Image source: YouTube
Backends
- NVPTX
- AMDGPU
- (SPIR-V)
- (DirectX)
- common features: GPU-specific intrinsics, address space management, kernel metadata
Image source: Wikimedia Commons
NVPTX backend
From Wikipedia Parallel Thread Execution page:
Parallel Thread Execution (PTX or NVPTX) is a low-level parallel thread execution virtual machine and instruction set architecture used in Nvidia's Compute Unified Device Architecture (CUDA) programming environment.
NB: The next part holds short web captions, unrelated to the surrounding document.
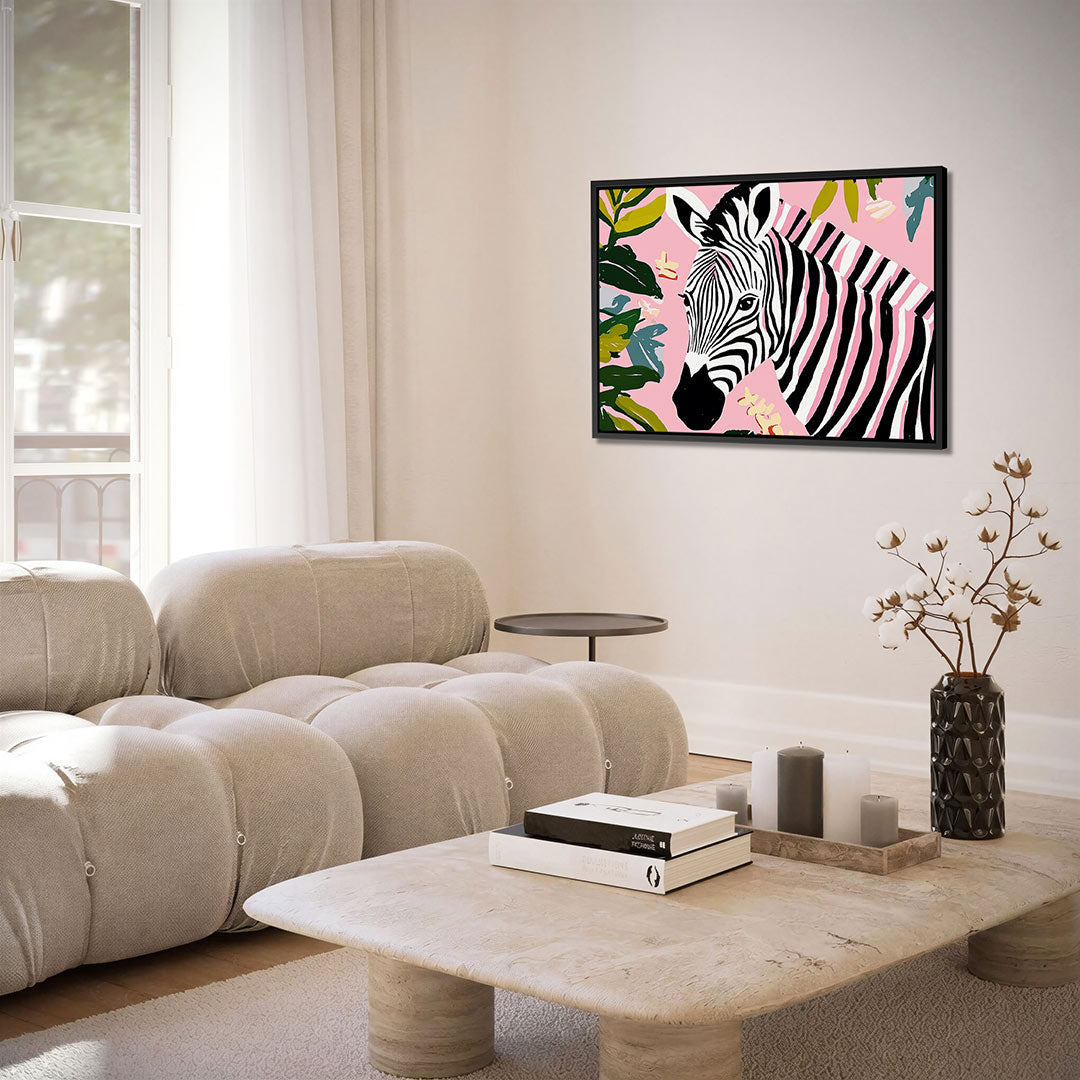 Zebra en bladeren Kunstwerk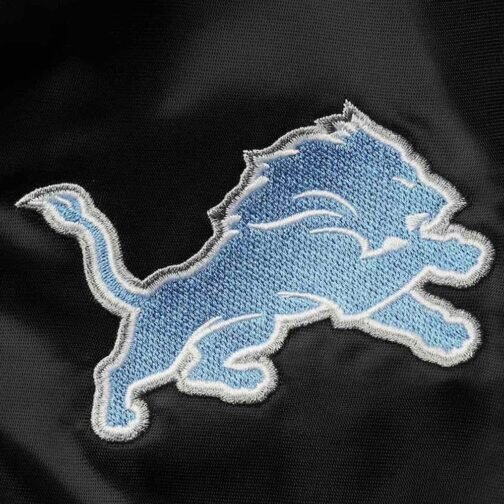 Detroit Lions Locker Room Black Satin Jacket - Image 4
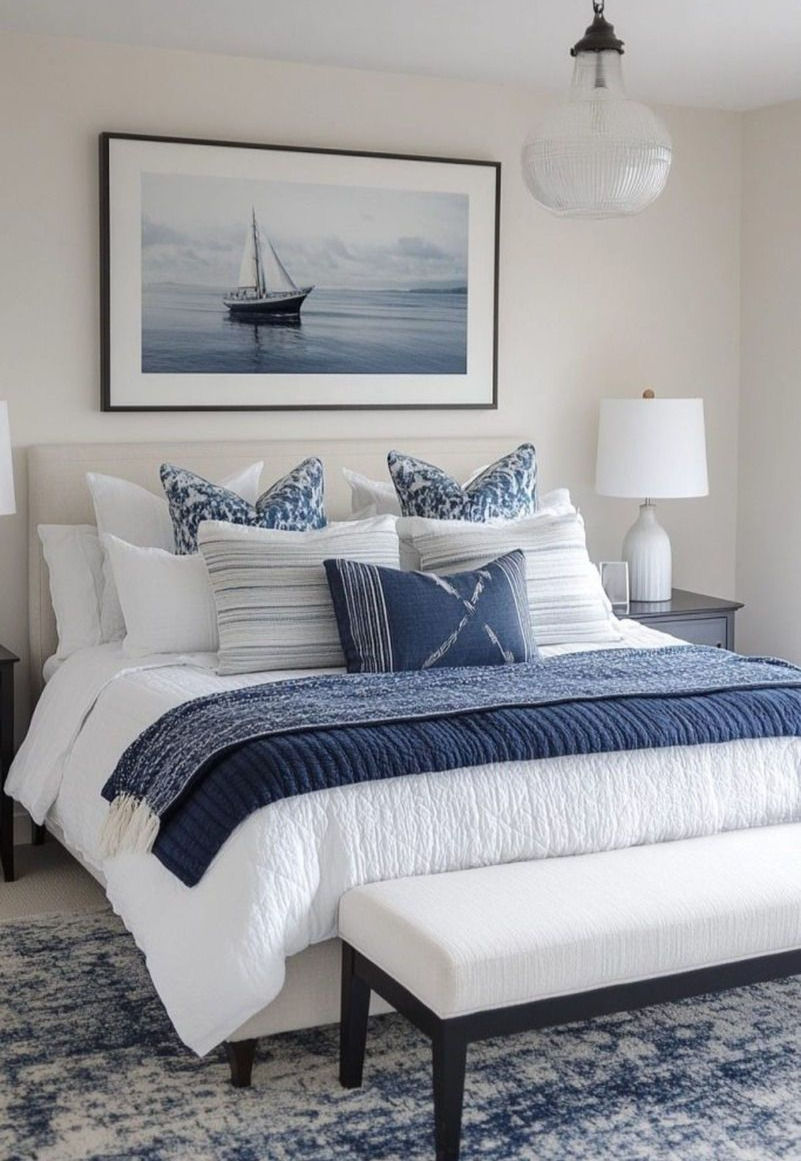 Navy and white bedroom with a large bed, blue pillows, and a nautical-themed painting. Soft lighting, serene atmosphere.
The LLVM-based Nvidia CUDA Compiler (NVCC) translates code written in OpenCL C and CUDA C/C++ into PTX instructions (an IL), and the graphics driver contains a compiler which translates PTX instructions into executable binary code, which can run on the processing cores of Nvidia graphics processing units (GPUs).
- used in Clang with CUDA and OpenMP offloading
- SPIR-V support in AMD ROCm aims to provide similar functionality
AMDGPU backend
- supports (R600), GCN, RDNA, and CDNA generations
- assumptions for GFX942/Instinct MI300A:
- Each agent has multiple shader arrays (SA).
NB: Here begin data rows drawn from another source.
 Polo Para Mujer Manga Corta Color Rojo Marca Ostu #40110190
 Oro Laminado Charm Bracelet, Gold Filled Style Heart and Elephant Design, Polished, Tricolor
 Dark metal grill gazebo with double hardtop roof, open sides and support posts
- Each SA has multiple compute units (CU).
- Each CU has multiple SIMDs that execute wavefronts.
- The wavefronts for a single work-group are executed in the same CU but may be executed by different SIMDs.
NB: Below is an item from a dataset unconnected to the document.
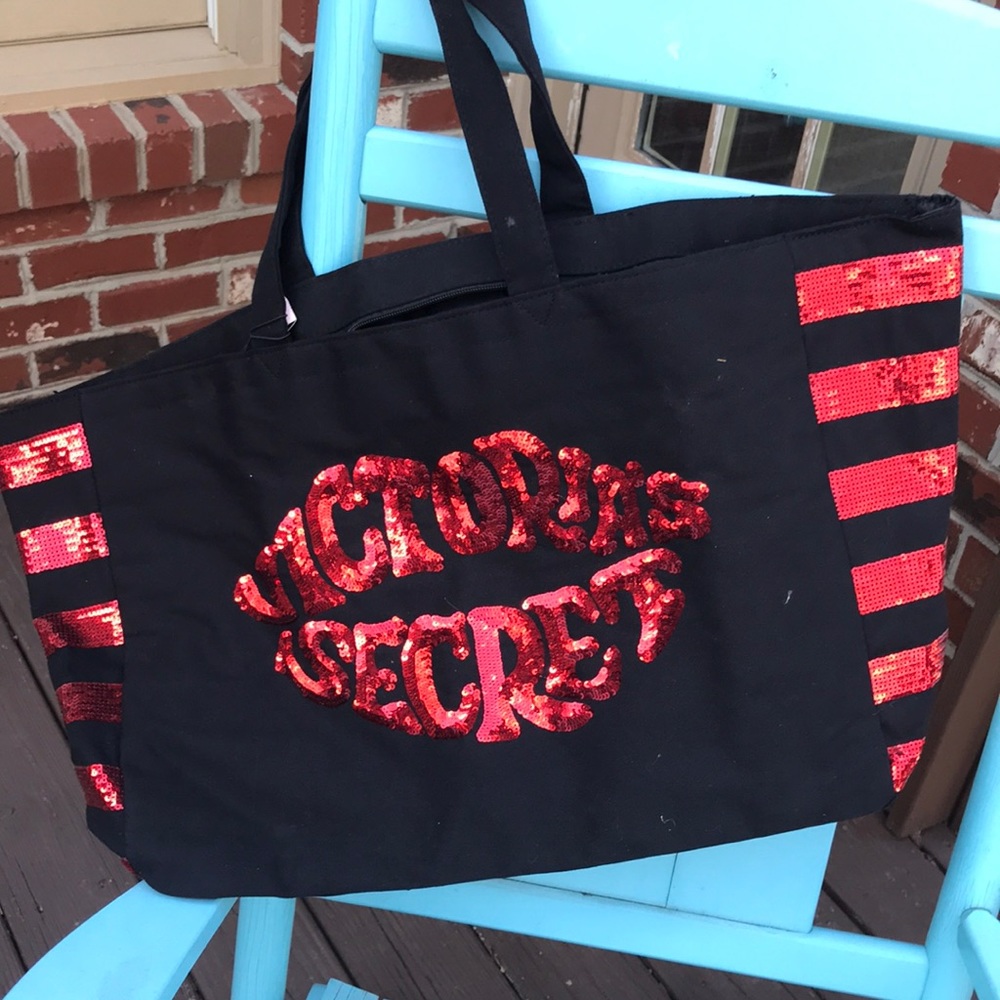 Victoria Secret Carry Bag NWT Sequins Red & Black Retail $58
- Each CU has a single LDS memory shared by the wavefronts of the work-groups executing on it.
- (...)
AMDGPU backend: features
From llvm/lib/Target/AMDGPU/AMDGPU.td:
// Unless +-flat-for-global is specified, turn on FlatForGlobal for
// all OS-es on VI and newer hardware to avoid assertion failures due
// to missing ADDR64 variants of MUBUF instructions.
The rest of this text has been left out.